Avverso tale decisione (di rigetto, dunque, della revocazione) la contribuente propone ricorso per cassazione con un motivo di ricorso, cui resiste con controricorso l’Agenzia delle Entrate.
Con l’unico motivo la contribuente denuncia violazione dell’art. 395 c.p.c.. Sostiene che la decisione impugnata ha negato la revocazione erroneamente ritenendo che la decisione da revocare non ha ignorato un fatto obiettivamente emerso, ma ha ritenuto non provata la pretesa della contribuente.
Invece, avrebbe dovuto considerare che era emerso positivamente un fatto (ossia vendita di una casa quale fonte del prezzo impiegato per l’acquisto dell’altra) e tale fatto ha invece trascurato.
Il ricorso è inammissibile.
Il motivo difetta di autosufficienza. Non è dato sapere invero quali siano gli estremi dell’atto di vendita (ossia il fatto emerso e non considerato), attraverso i quali stabilire se sia stato effettivamente considerato dal giudice di merito il fatto della vendita e del conseguente ricavo, oppure non considerato affatto, come è nella tesi della ricorrente.

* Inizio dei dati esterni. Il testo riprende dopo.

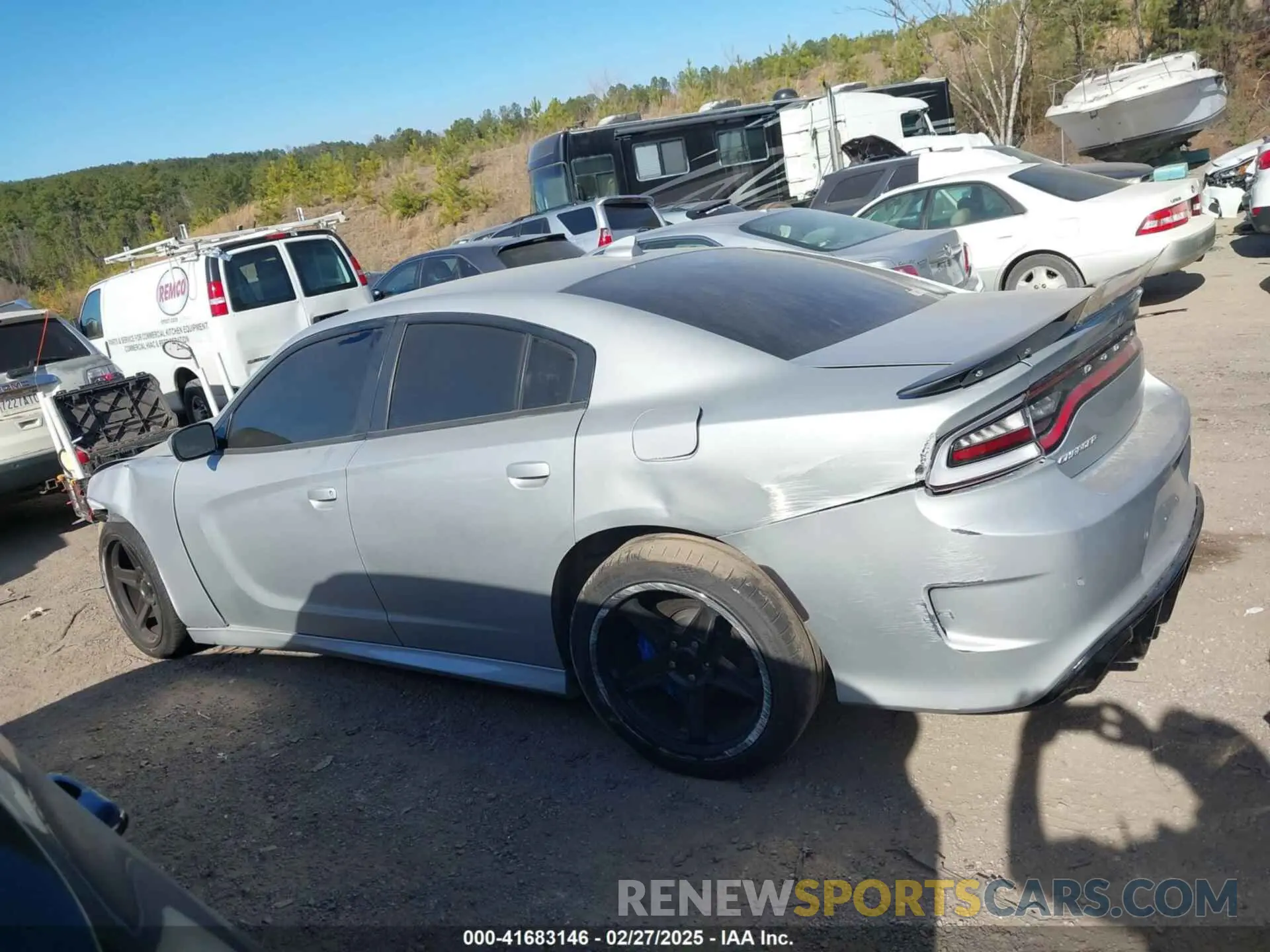 14 Photograph of a damaged car 2C3CDXGJ5MH539860 DODGE CHARGER 2021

Ma, soprattutto non è riportata in ricorso la motivazione della sentenza soggetta a revocazione, e dunque non è dato capire se effettivamente quest’ultima ha trascurato un fatto emerso positivamente oppure no. La ratio della sentenza impugnata sta nell’affermazione che la sentenza soggetta a revocazione non ha in realtà trascurato l’esistenza di un fatto chiaramente emerso agli atti, ma ha ritenuto sufficientemente non provata la provenienza del denaro utilizzato per il pagamento. Per stabilire se questa ratio (oggetto oggi di denuncia) è fondata o meno occorre sapere cosa ha deciso il giudice la cui sentenza (n. 326 del 2013) è stata oggetto della revocazione rigettata.
Invece nè la sentenza da revocare è allegata, ne sono stati riprodotti i motivi oggetto di revocazione.
PQM
La Corte rigetta il ricorso e condanna la ricorrente al pagamento delle spese di lite nella misura di 5600,00 Euro, oltre spese generali e accessori di legge. Dà atto della sussistenza dei presupposti per il versamento, da parte del ricorrente, del doppio del contributo unificato.
Così deciso in Roma, il 16 novembre 2016.